## PROMPT
Return the listing below exactly as it stands. Pictures stay out.

## GIVEN INFORMATION
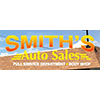 Smith's Auto Sales logo
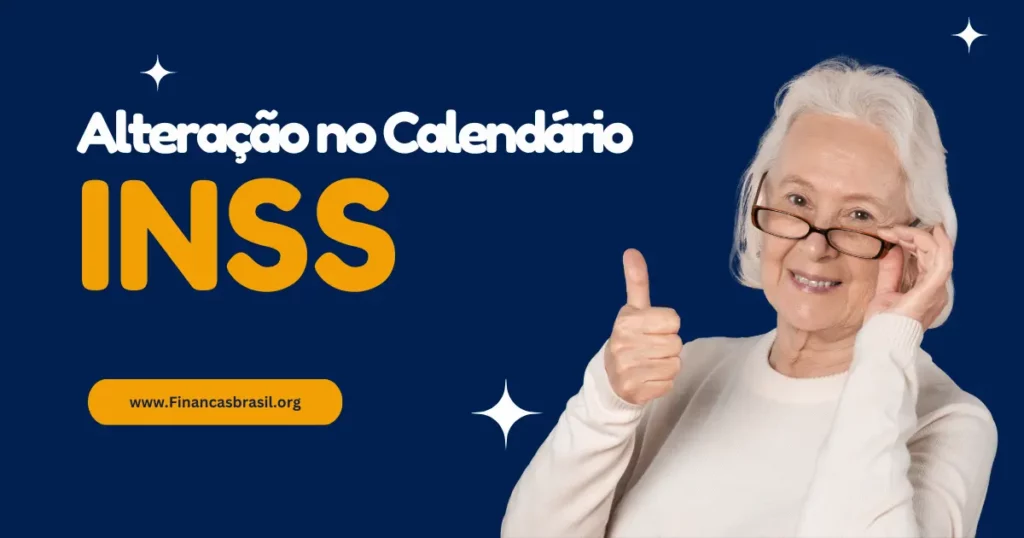 Novidades para aposentados e pensionistas do INSS: Este mês traz importantes novidades financeiras.
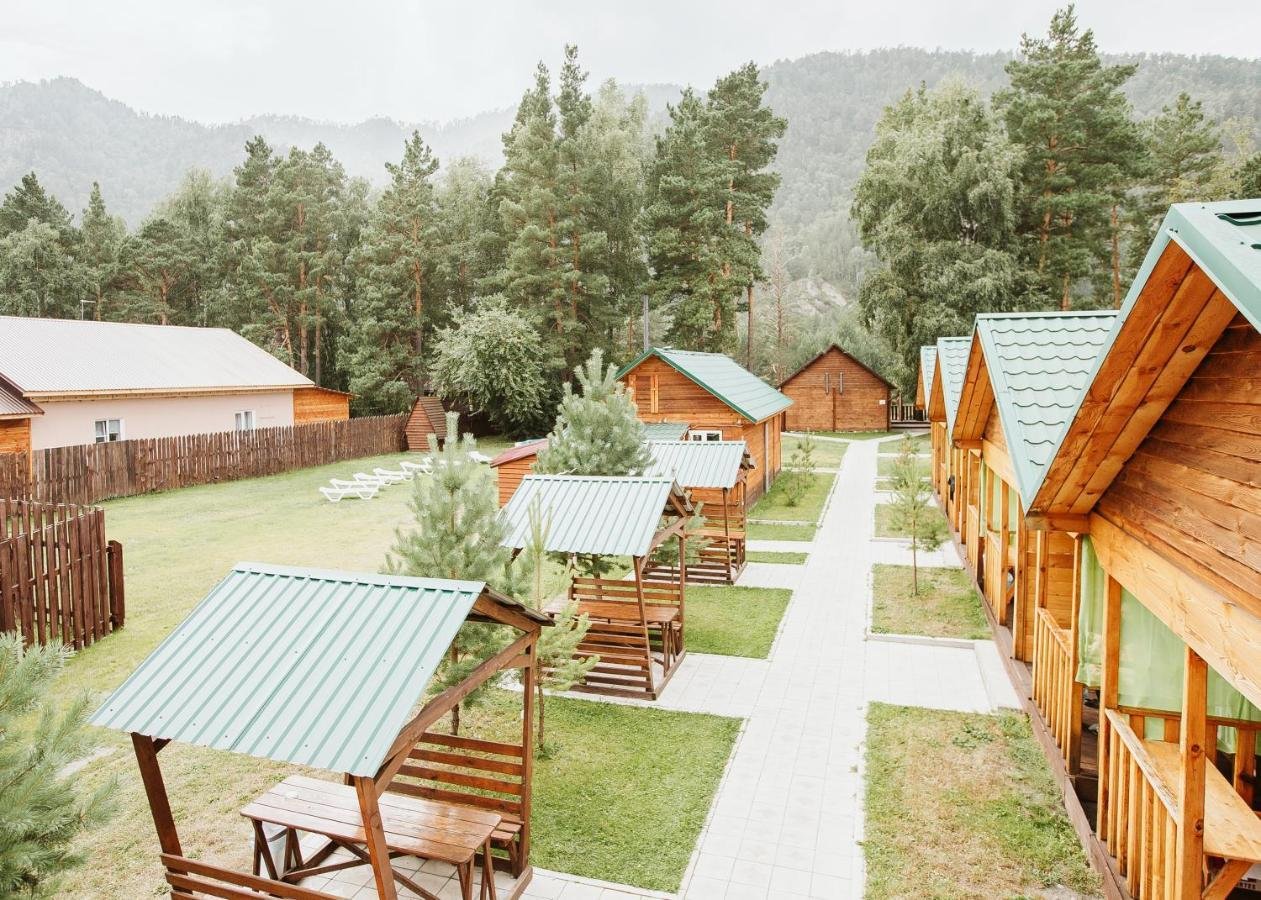 Алтай берег - фото 31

## EXPECTED OUTPUT
 Smith's Auto Sales logo
 Novidades para aposentados e pensionistas do INSS: Este mês traz importantes novidades financeiras.
 Алтай берег - фото 31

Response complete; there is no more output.